I think those Naniwa synthetic nagura are around 600 grit


----------



## khashy (May 19, 2017)

How about I actually do this and send you guys photos of what the slurry looks like. 

Just to check, this will do no harm to my beloved and expensive stone right?


----------



## foody518 (May 19, 2017)

khashy said:


> How about I actually do this and send you guys photos of what the slurry looks like.
> 
> Just to check, this will do no harm to my beloved and expensive stone right?

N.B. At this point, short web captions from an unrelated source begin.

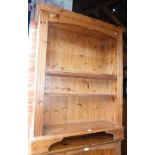 A pine bookcase, enclosing three adjustable shelves, 121cm high, 96cm wide, 31cm deep.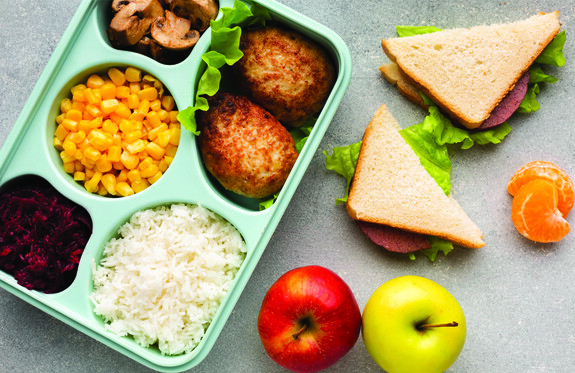 An overhead photo of a school lunch that includes a tray of cooked items, a sandwich and fruit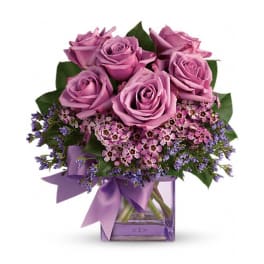 Bouquet of lavender roses with purple filler in a square glass vase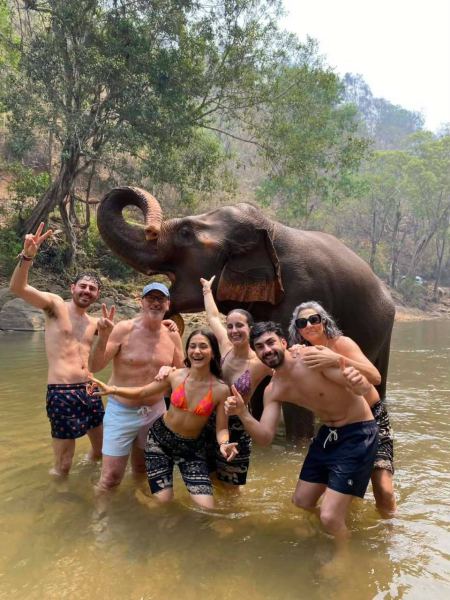 Friends cheering in a river next to an elephant with trunk curled up - lifeonwheel.com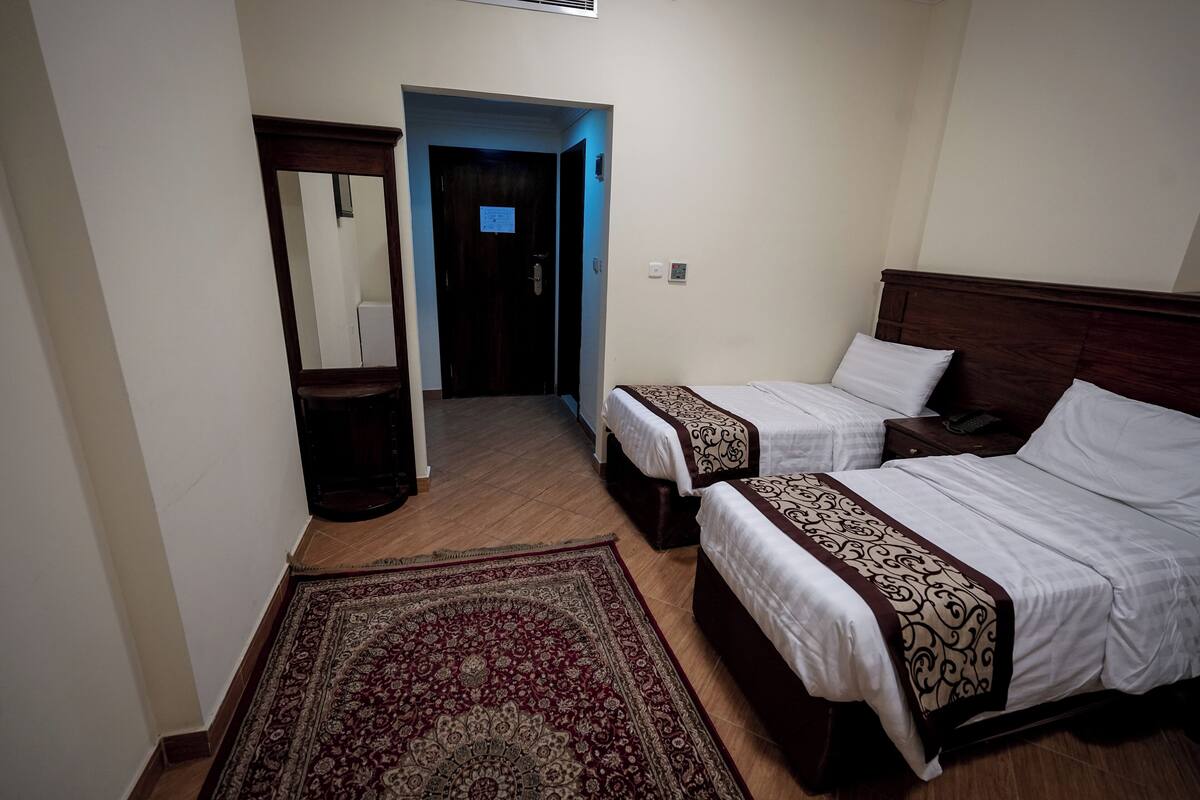 Een hotelkamer met twee bedden, een houten vloer, een rood tapijt met patroon en een spiegel.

Depending on to what fineness the stone was lapped to, you can possibly decrease surface fineness by using a coarse abrasive (even after washing off the slurry). make sure nagura you are using have rounded corners and edges, no fun to put deep scratches in the stone from high areas

I would try just using your stone first. If you are struggling to use it well on the knives you want to, maybe not a good fit for knife finishers


----------



## khashy (May 19, 2017)

foody518 said:


> Depending on to what fineness the stone was lapped to, you can possibly decrease surface fineness by using a coarse abrasive (even after washing off the slurry). make sure nagura you are using have rounded corners and edges, no fun to put deep scratches in the stone from high areas
> 
> I would try just using your stone first. If you are struggling to use it well on the knives you want to, maybe not a good fit for knife finishers



Okay, makes sense. I'm pretty positive that if I can't make it work, it's my fault rather than the stone ;]


----------



## Krassi (May 20, 2017)

i actually would not like to contaminate the slurry with this thing.
Its like mixing meth in your cake.. i only use my worn out Aotma or a Iwasaki Shiro Koma Nagura

Also if its a good Suita then you would never really need to make Slurry first. Those things are fast like lightning.
i just do it if i want to start with creamy super pursuit mode (the same used in nightrider)


----------



## Benuser (May 20, 2017)

If so called contamination occurs it's quite obvious and can be remediated by simple rinsing. No drama.


----------



## khashy (May 20, 2017)

Right, so worst that can happen is I'd need to lap the stone?


----------



## Krassi (May 20, 2017)

So if you got a worn out diamond plate then thats better 
A suita is a 6-8K Grit Stone that gets finer.. so well i would never ever get the Idea to put something coarse synthetic on it.. I would also not polish my Car with steel wool .. or do you ? 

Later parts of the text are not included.